Le sujet n’en finit pas de soulever les critiques en Guyane. Pour dénoncer le plus grand projet d’extraction d’or jamais proposé en France, l’opposition a lancé une pétition en mars, qui a déjà récolté 165 800 signatures, et est soutenue par 110 organisations nationales et internationales.

« Il y a cent cinquante ans que la Guyane a eu une histoire d’amour avec l’or, mais il faut que cela cesse. Ce ne sont pas les meilleures orientations économiques pour la Guyane », a expliqué à l’Agence France-Presse (AFP) Nora Stephenson, porte-parole du collectif Or de question. Treize chefs coutumiers de Guyane se sont déclarés contre ce projet industriel inédit, évoqué pour 2022. « Au nom de l’économie, vous êtes prêts à écraser une nouvelle génération », a déploré au début d’août Bénédicte Fdjéké, présidente des chefs coutumiers. « Faire des trous partout, dans le sol qui nous nourrit, c’est une mauvaise chose », a aussi jugé Christophe Pierre, leader du collectif Jeunesse autochtone, lors d’une réunion publique à la fin de juillet.

La raison de leur colère : le projet « Montagne d’or », prévu près de Saint-Laurent-du-Maroni, dans l’Ouest guyanais, et détenu à 55 % par le russe Nordgold et à 45 % par le canadien Columbus gold. Il suscite une telle controverse qu’il n’a pas encore été autorisé par le gouvernement français.

Ampleur économique hors norme

« Montagne d’or » est « hors normes par ses aspects économiques », souligne une « note d’information » interministérielle de février 2016 obtenue par l’AFP, qui prévient également que les « empreintes spatiale et écologique sont de dimensions inconnues en France ».

Selon cette note, les taxes associées à la production minière représenteraient « 80,6 millions d’euros » et celles à l’importation « 325,5 millions d’euros ».

Les industriels, qui prévoient d’extraire « 6,7 tonnes » d’or par an pendant « douze ans », soit une valeur estimée à plus de 3 milliards d’euros, souhaitent un débat public resserré. « Après consultation des élus locaux, tout le monde est pour un débat qui serait guyanais », a affirmé le représentant des industriels, Rock Lefrançois.

Il a saisi la commission nationale de débat public (CNDP) pour lui demander d’organiser un débat local.

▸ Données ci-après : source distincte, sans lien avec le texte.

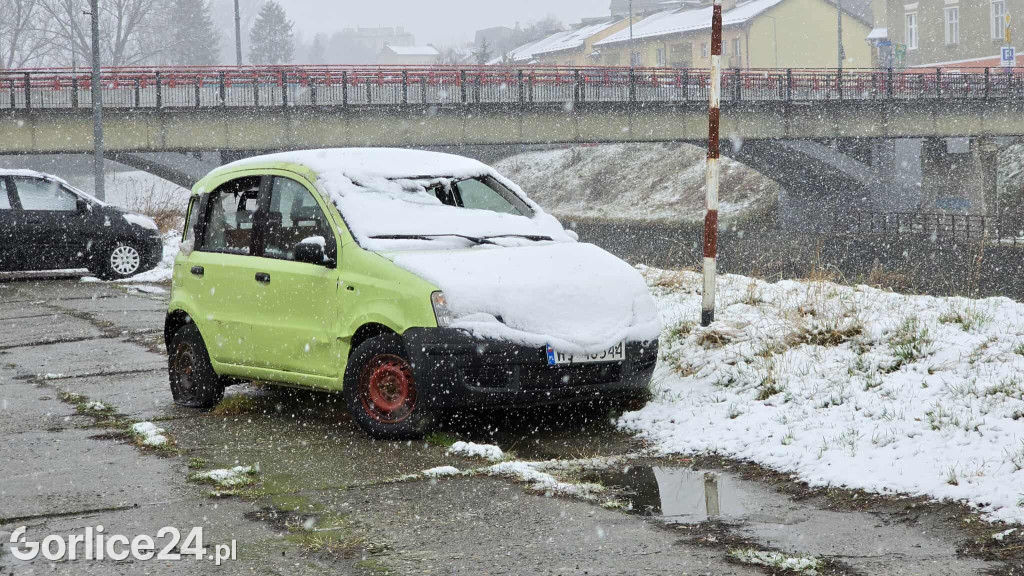 Wrak pandy na parkingu przy ul. Mickiewicza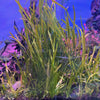True Sagittaria Subulata 3x Plants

Au début de juillet, la CNDP a rejeté la demande en l’état, au motif que les coûts initiaux du projet étaient flous et considérant « l’importance considérable des enjeux sociaux, économiques et environnementaux ». La compagnie minière Montagne d’or a annoncé qu’elle organiserait un débat « au cours du quatrième trimestre » avec « le public directement concerné » par le projet.

Impact écologique inquiétant

Mais les opposants craignent pour les conséquences écologiques du projet industriel. S’il était validé par le gouvernement, les miniers creuseraient en pleine forêt tropicale une fosse grande comme trente-deux Stades de France. Les détracteurs du projet s’alarment de la proximité du site avec des massifs à haute biodiversité, dont la plus vaste réserve biologique intégrale de France.

Ils s’inquiètent aussi des déchets qu’engendrerait l’extraction de l’or. Des millions et des millions de mètres cubes de roche devraient être charriés et traités au cyanure pour extraire les 85 précieuses tonnes d’or que Nordgold pense possible de récupérer en quinze ans.

Le déblai entraînerait la création artificielle et permanente de deux dômes de roches de 100 mètres de haut, ainsi que d’un mont endigué de 70 m de haut renfermant, selon les industriels, « 54 millions de tonnes » de boues issues du processus de traitement de la roche avec le cyanure.

Face aux craintes environnementales dans un territoire caractérisé par des retards structurels, notamment en gestion et prévention des pollutions, Rock Lefrançois précise que des « forages […] surveilleront les eaux souterraines pour voir s’il y a des traces ou des niveaux élevés de certains métaux » libérés par la roche à nu ou par les traitements physico-chimiques pour récupérer l’or. « Les forages resteront sur site pendant cinq ans après la fermeture, ensuite il y aura un suivi environnemental sur trente ans », assure-t-il.

« Le drainage minier acide peut durer des centaines d’années, c’est très difficile à maîtriser et ça coûte cher », rétorque Thibault Saint-Aubin, de l’association Ingénieurs sans frontières systèmes extractifs et environnements, soutien d’Or de question. Pour fonctionner, la mine demandera aussi des investissements publics importants (routes, énergie, port, exonérations), dans un territoire où 15 % des foyers du littoral et 30 % des foyers de l’intérieur n’ont pas accès à l’électricité.